Man mano che il commercio, la finanza, i viaggi e le comunicazioni sono diventati più aperti, si sono diffusi anche la produzione, il transito e il consumo di beni illeciti, con persone in posizioni di potere che cercano di trarne vantaggio. Le reti criminali cercano di corrompere i funzionari pubblici per facilitare le loro attività, rendendo la corruzione un importante facilitatore della criminalità. La valutazione della minaccia rappresentata dalla criminalità organizzata è grave e a sua volta la corruzione è una delle principali minacce da affrontare nella lotta contro criminalità organizzata.
Il diffuso ricorso alla corruzione è una caratteristica fondamentale della criminalità organizzata, con quasi il 60% delle reti criminali segnalate coinvolte nella corruzione nell’ #UE. Si tratta di una minaccia alla sicurezza, alla crescita economica, allo stato di diritto e alla coesione sociale.
A livello internazionale, la Convenzione delle Nazioni Unite contro la corruzione (UNCAC) è l'unico strumento universale anticorruzione giuridicamente vincolante. Adottato nel 2003, il lavoro dell’UNCAC (unodc.org/corruption/en/index.…) è necessario oggi più che mai, poiché la corruzione prospera nelle crisi e la recente pandemia di Covid-19 non ha fatto eccezione. Anche se l’intera portata della corruzione nella crisi del Covid-19 potrebbe non essere ancora nota, i prodotti medici e i kit di test per il Covid-19 falsificati e i prodotti correlati al Covid-19 (veri e falsi) venivano venduti sui mercati del dark web dall’inizio della pandemia.
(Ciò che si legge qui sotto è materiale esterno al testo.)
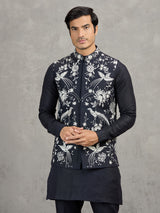 Navy linen waistcoat set with detailed resham work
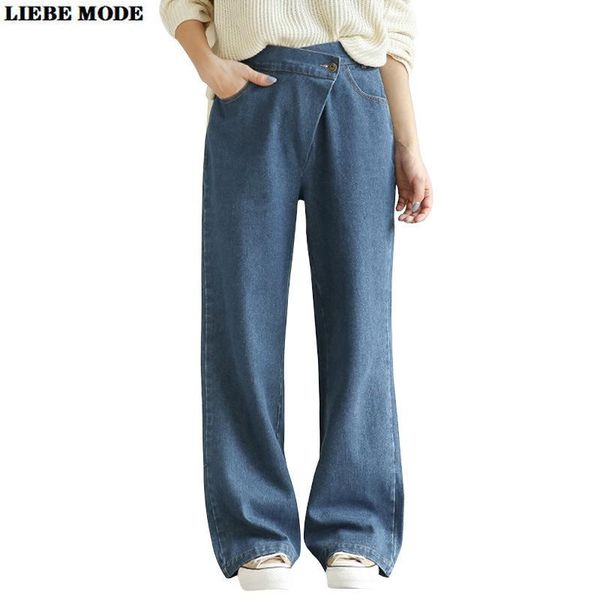 

women's jeans womens streetwear wide leg mom long women high waist straight denim trousers japan vintage boyfriend solid blue
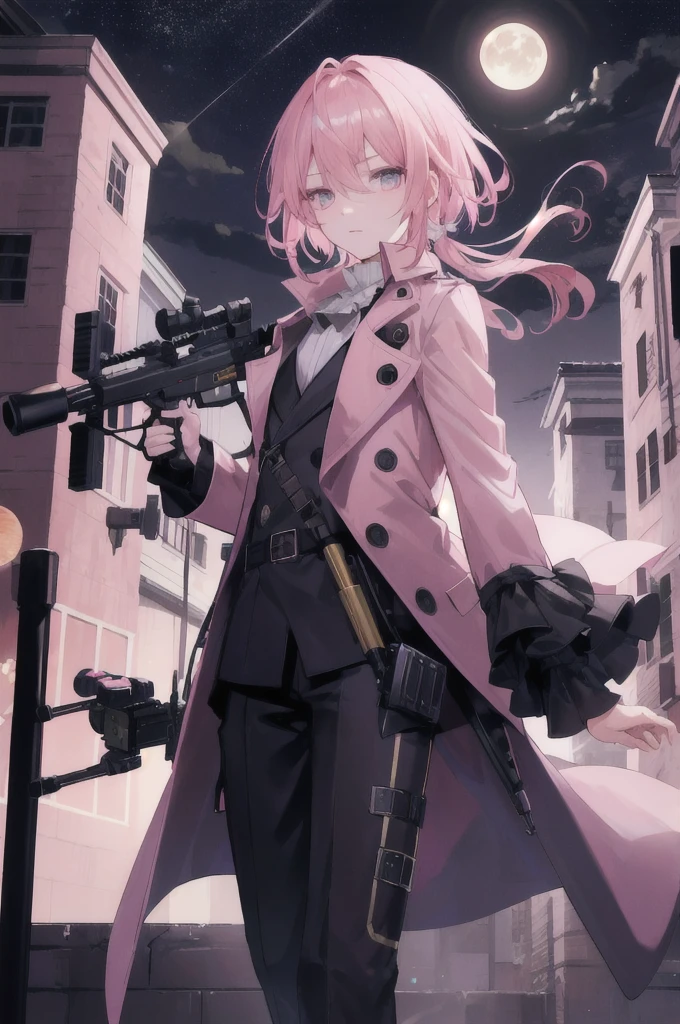 absurdres,hires,ultra detailed, a boy,pink medium hair, night, moon light, roof top, wearing a trench coat, holding a toy gun, aiming at viewer, shooting action, expressionless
Data l’urgenza delle situazioni di crisi e di ripresa, i governi, le banche e altri soggetti si sentono spesso obbligati a rinunciare a controlli rigorosi in nome della rapidità, rendendo la corruzione una grande preoccupazione in questi tempi. I gruppi criminali organizzati sono particolarmente ben posizionati per trarre vantaggio da questa situazione e dirottare le risorse tanto necessarie attraverso la corruzione. Poiché funge da facilitatore del traffico illecito, la corruzione è una preoccupazione sempre presente ed è necessario trovare modi per affrontarla.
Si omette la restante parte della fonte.